Making communities more livable for people of all ages does not depend on large, expensive projects. “Livable” can mean sidewalk improvements on street corners, or tables and chairs along with painted walls to spruce up an unused alleyway.

In Jersey City, the idea of livable can be as simple as $3,000 for a row of hardy red maple and birch trees planted at a public housing project parking area.

In the city of Garfield, livable is a pop-up wellness center, which received a $10,000 grant.

The projects began with an application last year by each of the cities for the first-ever AARP Community Challenge grants. Throughout the country, 1,200 communities applied for a total of $780,000 in funds designated to improve quality of life, social connections and community involvement.

The goal: projects with immediate impact. Cities had less than two months to get their plans completed.

In Jersey City, it was a beautification process for Marion Gardens, a working-class neighborhood with residents invested in their surroundings but lacking resources.

Kimberly Ross, vice president of the Residents Council, has lived her entire life in Marion Gardens. She worked closely on the plans to remove debris and to plant trees, shrubs and flowers with the challenge grant.

“To be honest, I wasn’t so sure people would come out to help at all,” said Ross, 56. “But on the day of the tree planting, we had over 50 people come out—of all ages. And now people are interested in tree maintenance and doing similar projects in other areas.”

For Ross, it demonstrated what can be done in her community, even with minimal resources.

Community involvement
Stephanie Hunsinger, state director of AARP New Jersey, said the Marion Gardens project is about more than foliage.

“This is the part of the program that is so essential,” she said. “It taps into the residents and builds civic engagement. That remains long after the project is finished.”

Hunsinger also points to Garfield as a city able to quickly bring about change.
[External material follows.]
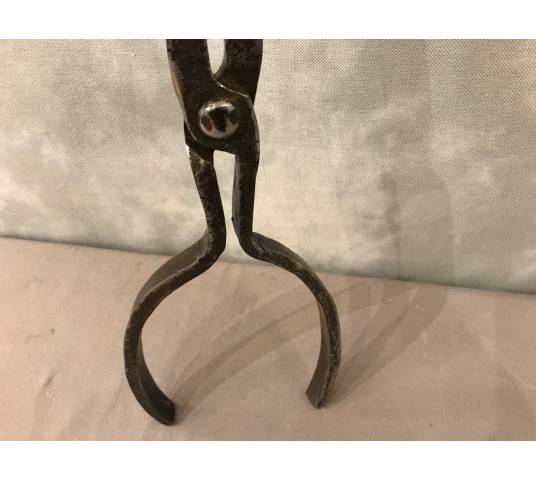 Large wrought iron log clamp from the 18th century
Public health is a concern, so the city decided to create a weekly pop-up wellness center, which also served as a way to get residents’ input on a new community center.
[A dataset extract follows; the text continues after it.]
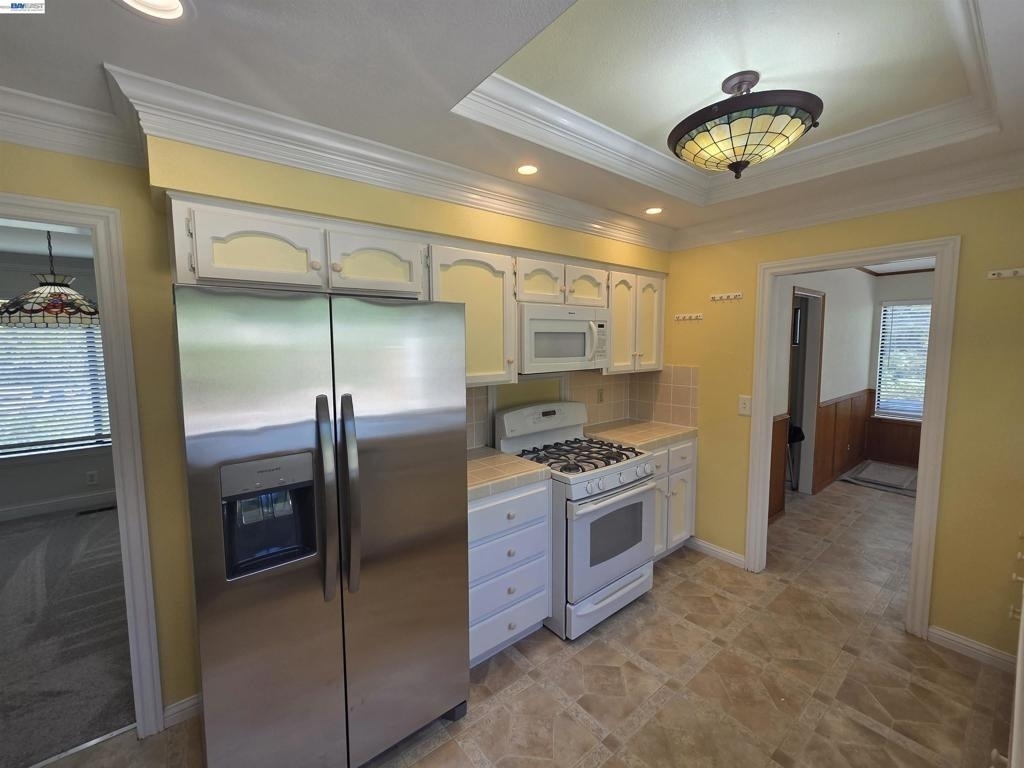 11732 Bloomington Way - Photo 12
Weekly clinics were at capacity, said Darleen Reveille of the Garfield Health Department, who directed the project: “We were able to share important wellness information with Garfield residents. And, more importantly, they were able to share important information with us. We have a sense of what our community needs for our future center.”
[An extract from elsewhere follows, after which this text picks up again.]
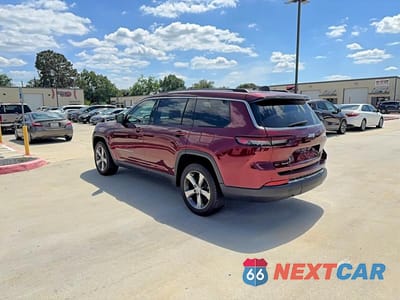 Trzecie zdjęcie samochodu z tyłu: 2021 JEEP GRAND CHEROKEE L LIMITED VIN:1C4RJKBG0M8173017 - miniatura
What’s more, the grant process teaches community members how to use the levers of local government.

“We learned things like how to move quickly with departments like public works and sanitation,” said Alma Hidalgo, an AmeriCorps VISTA volunteer who worked on the Jersey City project with colleague Jillian Baumann. “That’s the kind of knowledge that trickles down to residents and helps them advocate for themselves,” Hidalgo said.

AARP begins accepting applications this month for the 2018 challenge grants at aarp.org/communitychallenge. There are no minimum or maximum dollar amounts for the awards.

Nonprofits and government entities may apply.

Aliya S. King is a writer living in Bloomfield, N.J.